[Crawled caption data]
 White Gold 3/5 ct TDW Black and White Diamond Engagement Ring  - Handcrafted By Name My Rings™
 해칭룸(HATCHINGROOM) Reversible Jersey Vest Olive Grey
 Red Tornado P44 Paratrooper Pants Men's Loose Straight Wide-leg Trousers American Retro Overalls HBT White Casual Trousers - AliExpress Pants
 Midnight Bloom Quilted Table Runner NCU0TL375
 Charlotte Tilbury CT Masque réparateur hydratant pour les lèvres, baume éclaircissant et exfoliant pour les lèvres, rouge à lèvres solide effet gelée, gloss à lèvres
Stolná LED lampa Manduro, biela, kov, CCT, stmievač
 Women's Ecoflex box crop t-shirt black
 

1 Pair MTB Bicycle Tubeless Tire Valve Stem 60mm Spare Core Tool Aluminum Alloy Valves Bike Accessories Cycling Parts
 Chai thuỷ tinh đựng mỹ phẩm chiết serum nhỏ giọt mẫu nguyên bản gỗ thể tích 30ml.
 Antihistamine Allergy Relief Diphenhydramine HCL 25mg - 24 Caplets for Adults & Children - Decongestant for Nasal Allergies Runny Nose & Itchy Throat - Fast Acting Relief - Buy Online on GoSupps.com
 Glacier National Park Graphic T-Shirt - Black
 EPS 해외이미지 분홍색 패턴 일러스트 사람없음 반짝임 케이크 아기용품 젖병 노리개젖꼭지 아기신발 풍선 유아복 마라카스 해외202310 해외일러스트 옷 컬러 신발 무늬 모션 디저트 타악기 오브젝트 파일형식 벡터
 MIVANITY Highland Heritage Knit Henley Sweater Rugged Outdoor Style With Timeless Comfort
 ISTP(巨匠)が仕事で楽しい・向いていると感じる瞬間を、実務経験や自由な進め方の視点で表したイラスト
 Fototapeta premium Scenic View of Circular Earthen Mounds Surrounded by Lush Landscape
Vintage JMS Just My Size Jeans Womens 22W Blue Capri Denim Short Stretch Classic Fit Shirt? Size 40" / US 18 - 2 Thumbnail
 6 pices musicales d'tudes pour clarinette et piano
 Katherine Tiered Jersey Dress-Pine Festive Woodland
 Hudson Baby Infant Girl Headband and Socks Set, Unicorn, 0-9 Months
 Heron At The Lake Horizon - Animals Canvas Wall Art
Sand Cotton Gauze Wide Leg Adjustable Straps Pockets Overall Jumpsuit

INSTRUCTIONS TO FOLLOW: Identify the lines in the entries above that contain "Jersey", then copy them out.

TASK OUTPUT:
 해칭룸(HATCHINGROOM) Reversible Jersey Vest Olive Grey
 Katherine Tiered Jersey Dress-Pine Festive Woodland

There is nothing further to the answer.